Work request - Retype the data that follows line by line, exactly, and leave its pictures out.

The data -
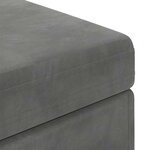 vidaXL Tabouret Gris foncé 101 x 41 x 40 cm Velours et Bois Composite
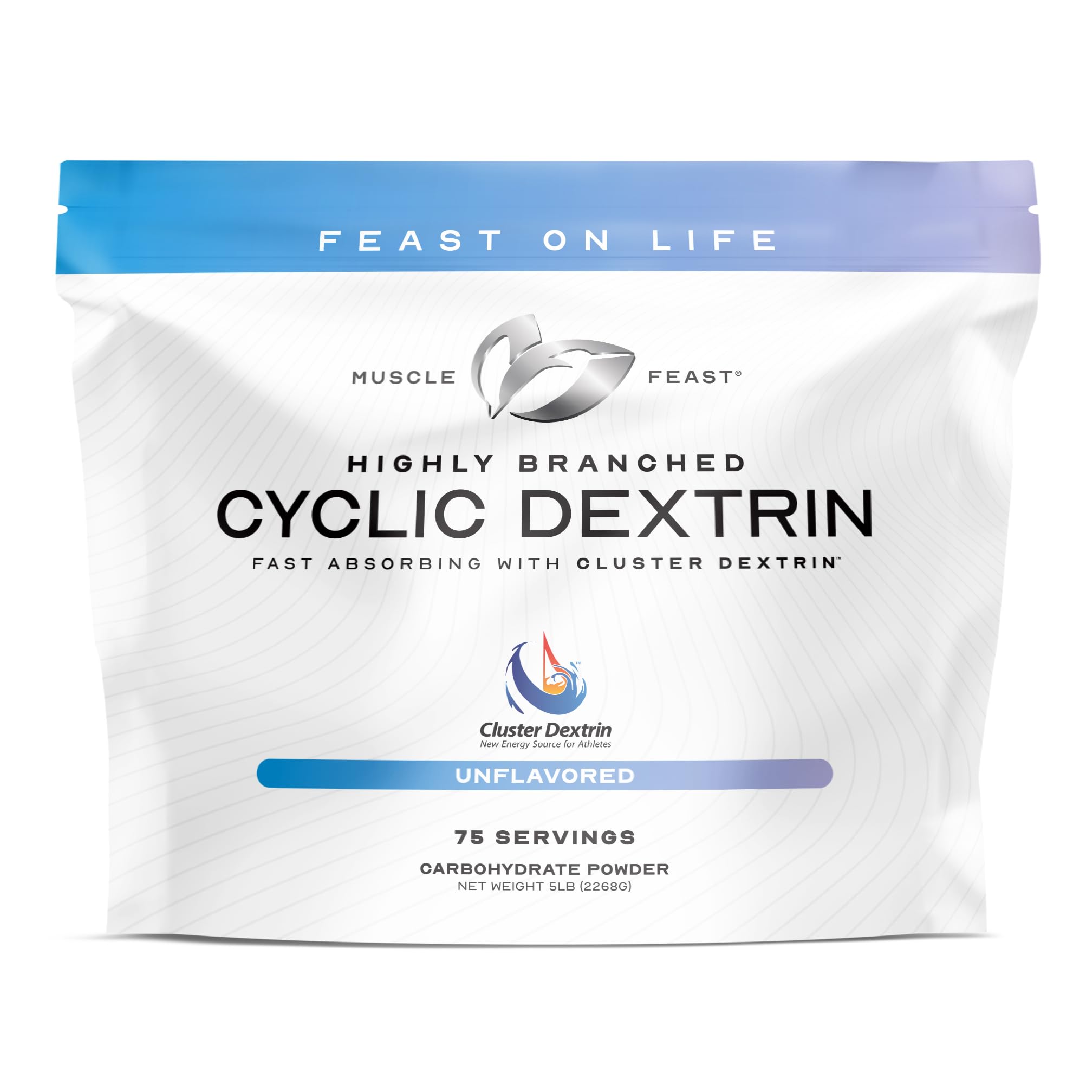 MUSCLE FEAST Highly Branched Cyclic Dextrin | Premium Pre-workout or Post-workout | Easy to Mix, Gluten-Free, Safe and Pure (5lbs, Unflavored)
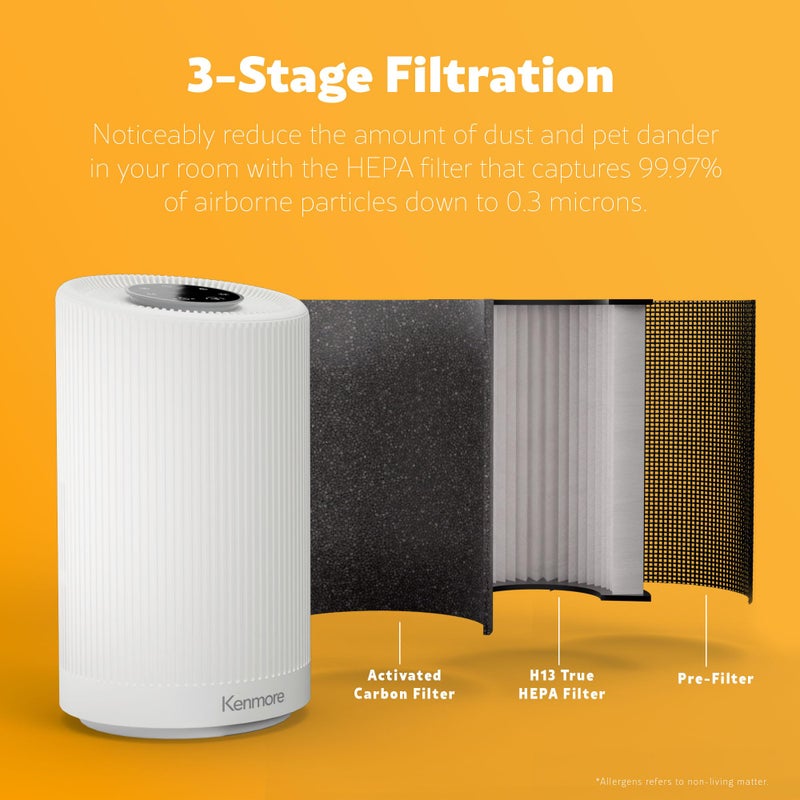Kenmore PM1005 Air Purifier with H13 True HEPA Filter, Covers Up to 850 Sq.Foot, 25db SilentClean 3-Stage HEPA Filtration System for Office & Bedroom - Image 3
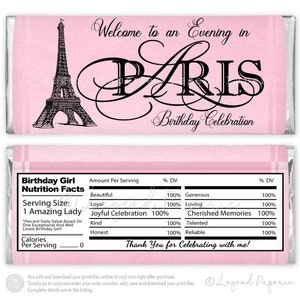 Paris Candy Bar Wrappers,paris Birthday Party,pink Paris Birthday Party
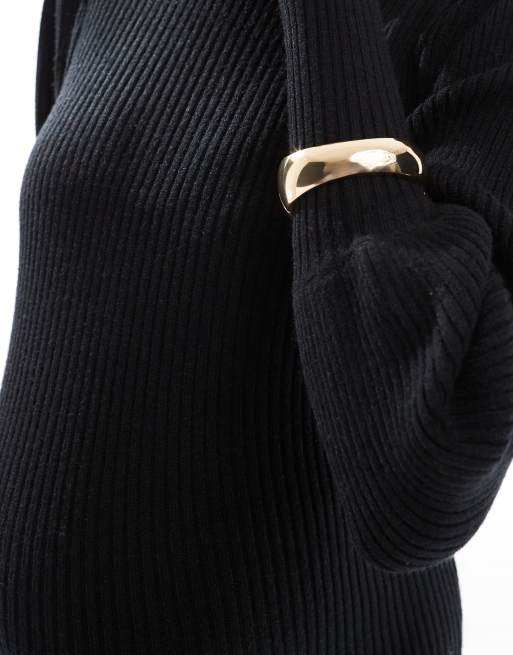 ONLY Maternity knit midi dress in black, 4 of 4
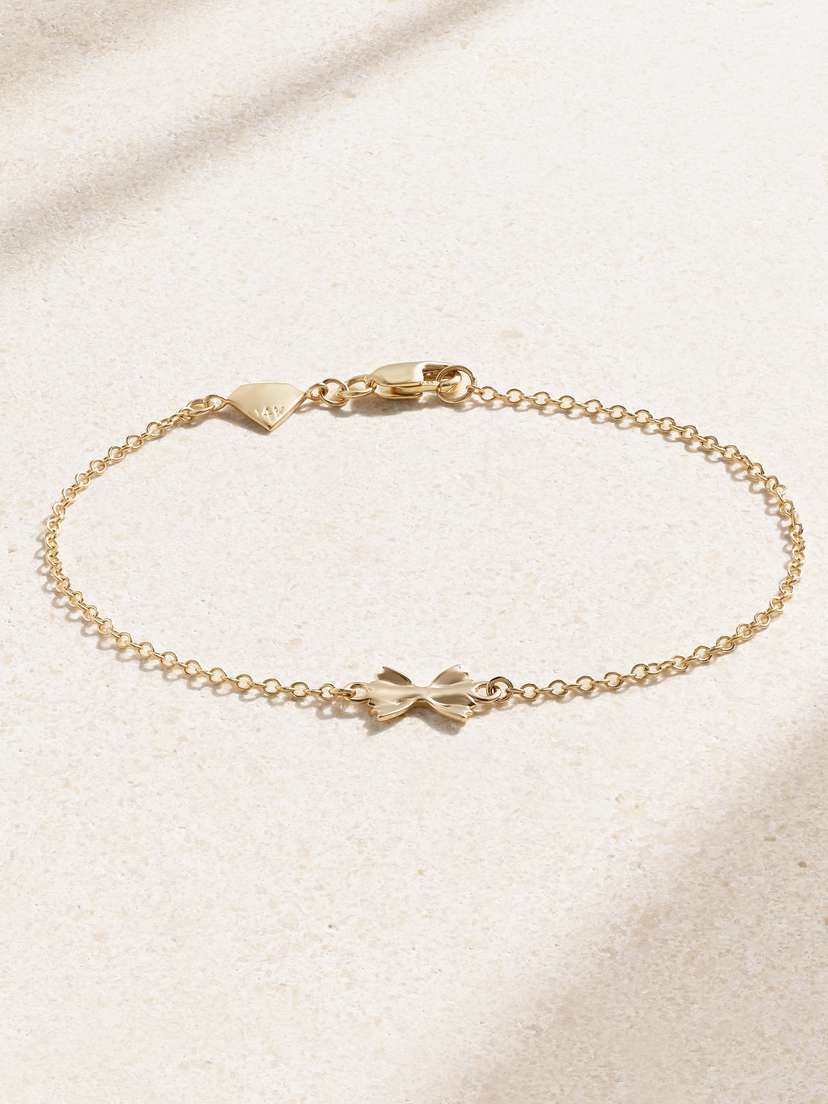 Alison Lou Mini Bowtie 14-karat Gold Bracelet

Task answer -
 vidaXL Tabouret Gris foncé 101 x 41 x 40 cm Velours et Bois Composite
 MUSCLE FEAST Highly Branched Cyclic Dextrin | Premium Pre-workout or Post-workout | Easy to Mix, Gluten-Free, Safe and Pure (5lbs, Unflavored)
Kenmore PM1005 Air Purifier with H13 True HEPA Filter, Covers Up to 850 Sq.Foot, 25db SilentClean 3-Stage HEPA Filtration System for Office & Bedroom - Image 3
 Paris Candy Bar Wrappers,paris Birthday Party,pink Paris Birthday Party
 ONLY Maternity knit midi dress in black, 4 of 4
 Alison Lou Mini Bowtie 14-karat Gold Bracelet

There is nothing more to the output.